17 günlük kapanmayı tatil gibi algılayan milyonlarca insan, tatil bölgelerine akın etti. Muğla’nın Bodrum ilçesi ise başı çeken yerlerden biri diyebiliriz. Nasıl bir fotoğraf bu anlamak imkansız. Bana lütfen biri izah etsin bu rezilliği.

Kardeşim hükümet salgın kontrol altına alınabilsin diye tam kapanma kararı alıyor, siz koşarak tatil beldesine gidiyorsunuz.

Nasıl bir sorumsuzluktur bu ya. Resmen isyan ettim görüntüleri izlerken. Eve kapanmak yerine tatile gitmek ve yoğun kalabalık oluşturmak, kimse kusura bakmasın da kul hakkına girmektir. Ben salak mıyım? Ben de tatile gitmeyi bilmiyor muyum? Gerçekten yazıklar olsun.

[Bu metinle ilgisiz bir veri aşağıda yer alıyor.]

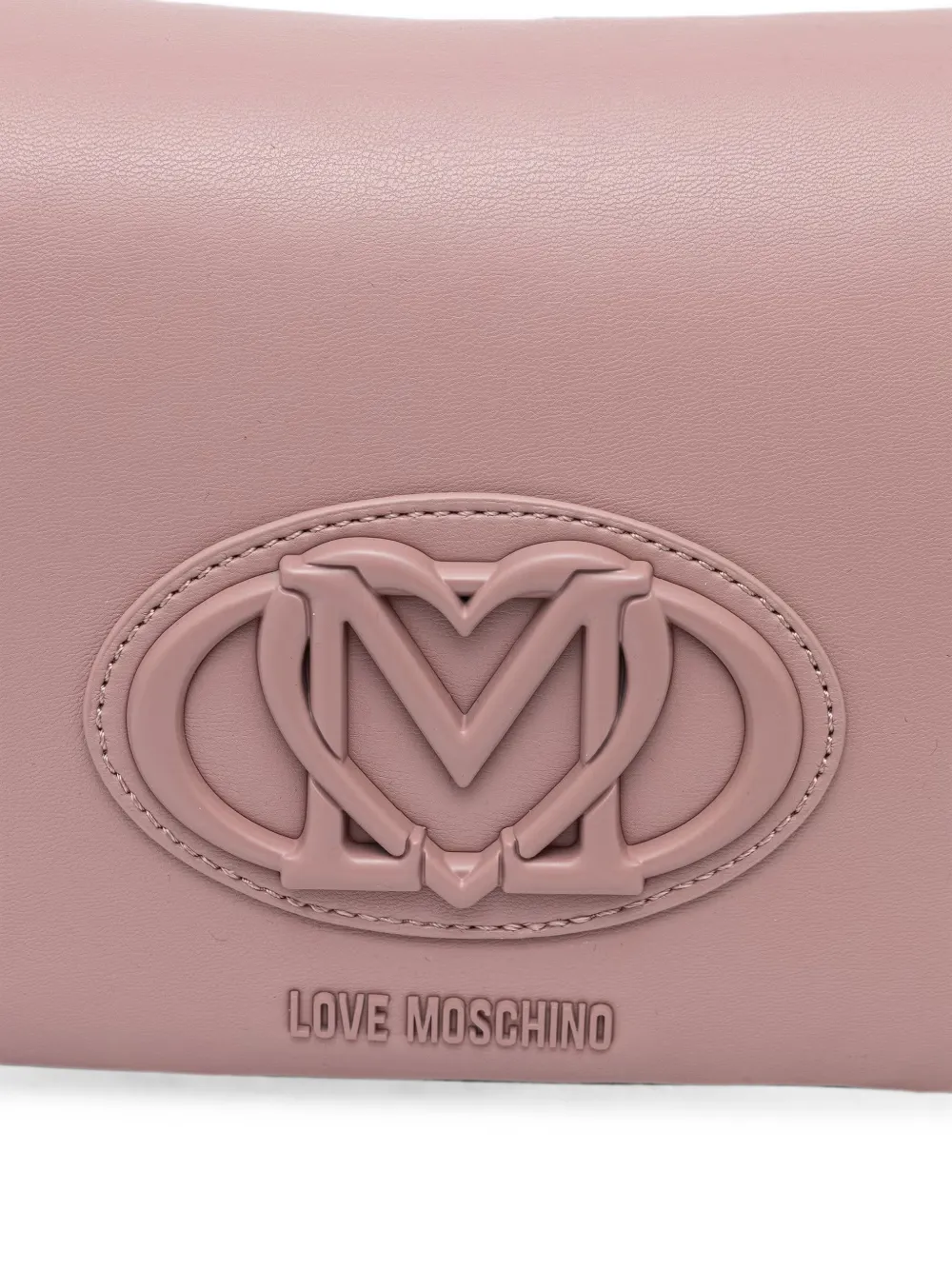 Love Moschino Heuptas met logoplakkaat Roze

Cumhurbaşkanı Erdoğan tam kapanma açıklaması yaptığı andan itibaren, marketlere hücum ediliyor. Ya niye hücum ediliyor Allah aşkına. Marketler tam kapanmıyor ki. Nedir bu panik. Bunun yanında terminaller full dolu. Havaalanları aynı şekilde. Yollarda kilometrelerce kuyruk var. Gerçekten bunun şakası bile olmamalıyken, gerçeğine şahit oluyoruz.

Sonra hükümete “Tam kapanma kararı alıyorsan, destek paketi de açıklayacaksın” diye tepki gösteriliyor. Yok kardeşim, millet de para var. Ne desteği. Para olmasa akın akın tatile gitmezler. Evet hükümet destek paketi açıklamalıdır. Kesinlikle katılıyorum. Ancak bu desteği sağlarken, tatile gidenlere ceza yazılsın, onlardan yapılan tahsilatlar da evinde kalıp salgın tedbirlerine uyanlara verilsin.

Eğer ki tam kapanmaya rağmen, vaka sayılarında ve ölümler de düşme olmazsa, sorumsuzluk örneği sergileyenlere yazıklar olsun.